Henrik lleva a cabo lo que ha dicho que tenía intención de hacer y se encamina al hotel Gillet. Sube con esfuerzo los seis pisos y golpea la puerta de Frida. Al cabo de unos segundos ella abre medio dormida; lleva un amplio camisón de franela y una media alrededor del cuello. Tiene la nariz enrojecida y le brillan los ojos. Mira fijamente a Henrik, como si fuera una aparición. Pese a ello, se hace a un lado para que entre.

frida: Pero ¿estás aquí, en la ciudad?

henrik: ¿Estás enferma?

frida: Tengo un resfriado tremendo, me duele la garganta y tengo fiebre. No tuve más remedio que venirme a casa anoche a las nueve y media, estaba a punto de perder el conocimiento. ¿Quieres un poco de café? Iba a preparar algo caliente.

henrik: No, gracias.

frida: Qué sorpresa más agradable que hayas venido, nunca me lo hubiera esperado. Y gracias por tu preciosa carta. Te iba a contestar, pero tengo muy poco tiempo y tampoco se me da muy bien escribir.

Detrás de una mampara se ve el único artículo de lujo de la habitación. Es un pequeño hornillo de gas que tiene una llama tiznada y mortecina. Frida hace café y prepara unos bocadillos. Henrik protesta blandamente pero se deja servir. Frida anda sin hacer ruido, descalza y solícita. Por fin se sienta en la cama, se tapa con el edredón y sopla el café, que está muy caliente y que ella sorbe a través de un terrón de azúcar. De pronto mira atentamente a Henrik, que está sentado en la única silla de la habitación y que ha dejado su taza de café en la mesilla de noche.

frida: ¿Estás tú también enfermo?

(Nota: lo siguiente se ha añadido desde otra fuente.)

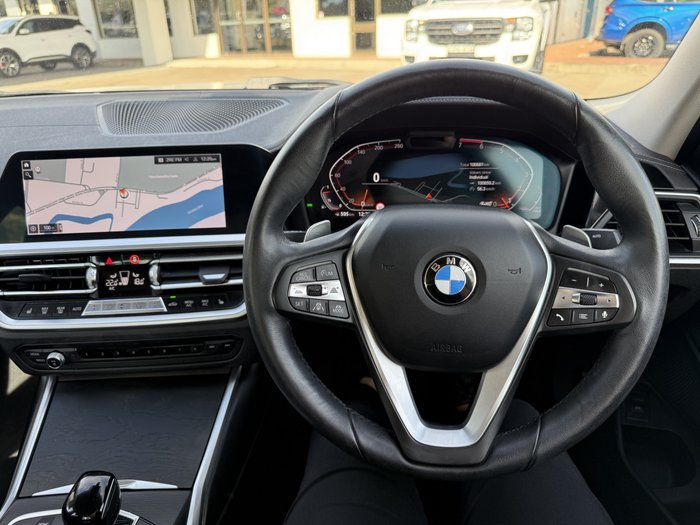 2019 BMW 3 Series 330i Luxury Line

Tienes muy mala cara.

henrik: No es nada.

frida: ¿Cómo puedes decir eso? Como si no viese yo que algo te pasa.

henrik: Será que estoy triste.

frida: Sí, eso está claro. ¿Tienes algo que decirme? Me da la impresión de que sí.

henrik: No.

frida: Lo parecía.

henrik: … No.

frida: Ven aquí que te abrace.

Deja el café y el bocadillo y lo atrae hacia sí; él no la rechaza.

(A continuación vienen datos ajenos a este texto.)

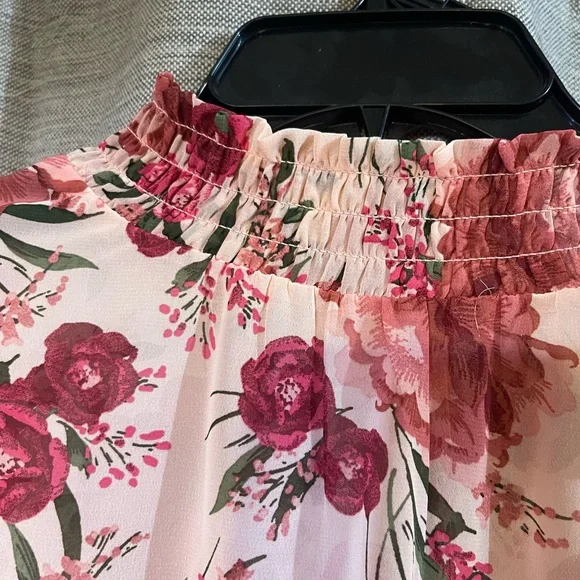 Sheer high neck torrid blouse - Picture 4 of 7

frida: ¿Tienes miedo de que te contagie?

henrik: … No.

frida: Anda, desnúdate y acuéstate.

Ella se levanta rápida de la cama y baja la persiana rota. Se quita la media del cuello y se pasa un peine frente al manchado espejo que hay encima de la cómoda. Antes de volver a la cama se quita el camisón. Debajo del camisón lleva una corta camiseta de punto y una braga de perneras bastante largas. Se despoja de la braga, pero se deja puesta la camiseta.